Interpretive group work ensured plausibility and transparency and linked openness with methodological control.

2.5. Findings

The analysis identified five professional logics across all group discussion, independent of organisational arrangement, that shape the everyday practice of CMH workers. Each professional logic gives rise to specific tensions between meaning horizons that limit the perceived scope of action, particularly in situations marked by contradictory expectations. All quotations from participants were translated from German into English and lightly smoothed for readability.
To situate the findings, a description of the sample is provided below, followed by the five professional logics identified in the analysis: (1) trusting relationships situated between enablement and limits of action; (2) psychological stability as a core professional mandate; (3) physical health between recognition and delegation; (4) fragile client motivation and an ethics of restraint; and (5) health promotion between professional aspiration and structural constraints.

2.6. Sample

The sample consisted of 30 German CMH Workers (26 women, 4 men) aged between 25 and 66 years (M = 46.9; MD = 53.5), all of whom worked in different forms of supported housing, including community-based and residential services as well as family-based supported housing for adults. In all cases, the group discussions were conducted with “real groups”, that is, existing staff teams who work together in their everyday practice (Bohnsack, 2003).
Participants’ professional backgrounds included social work (n = 13) and other pedagogical professions (n = 9), as well as special education (n = 3), occupational therapy (n = 3), psychology (n = 1), psychiatric nursing (n = 1), and additional non-medical qualifications (n = 3). Work experience in their current position ranged from 1 to 35 years (M = 12.3; MD = 8.5).

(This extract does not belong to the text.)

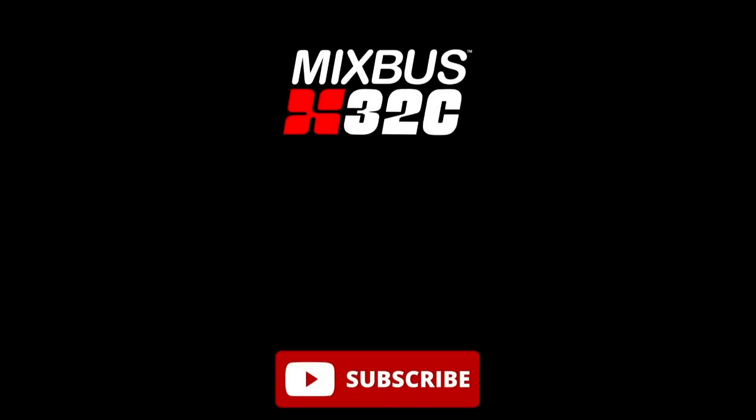If you found this video helpful, be sure to subscribe down below and click the bell so you don't miss any future episodes in this series. And until next time, I'm Nathan from Harrison Consoles, and I'll see you in the next video.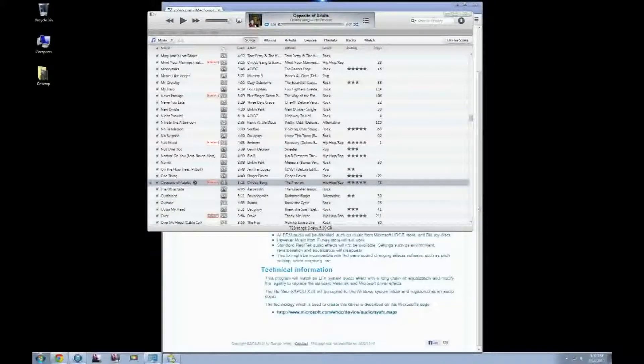What's up guys, David here. Today I'm going to show you how to fix your poor sound quality from your iMac running Windows.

2.7. Trusting Relationships Between Enablement and Limits of Action

Across all groups, trusting relationships emerged as the primary medium of support. In participants accounts, relationship is not merely a context for intervention but the condition under which stability, safety, and change become possible:
“This social component […] this relationship we offer to people, the sense of safety we give them – that’s just invaluable. […] It’s about having someone you can turn to, knowing that you can come with your worries and problems, that you can be who you are, and that you won’t be patronised” (GD_1.)
At the same time, this relational foundation is marked by a tension between enablement and professional limits. Trust opens space for engagement and participation, yet it also sets boundaries for what can be enacted. Participants emphasised that trust requires time, emotional presence, and reliability, while simultaneously demanding distance and self-protection to avoid overload:
“We don’t make decisions for them – we talk with them. […] This attitude of ‘I’m all-knowing, I know what you need and how you feel, and therefore we’ll do it my way’ – that’s not what we do” (GD_1.)
Clients were described as relying on authentic, consistent contact but as highly sensitive to pressure or paternalism. Professional action therefore involves holding a careful balance: close enough to create safety, but sufficiently distanced to respect autonomy.
This relational logic captures how participants navigate a dual horizon in their everyday practice, one in which possibilities for stability and change are negotiated within the very boundaries that trust both enables and constrains.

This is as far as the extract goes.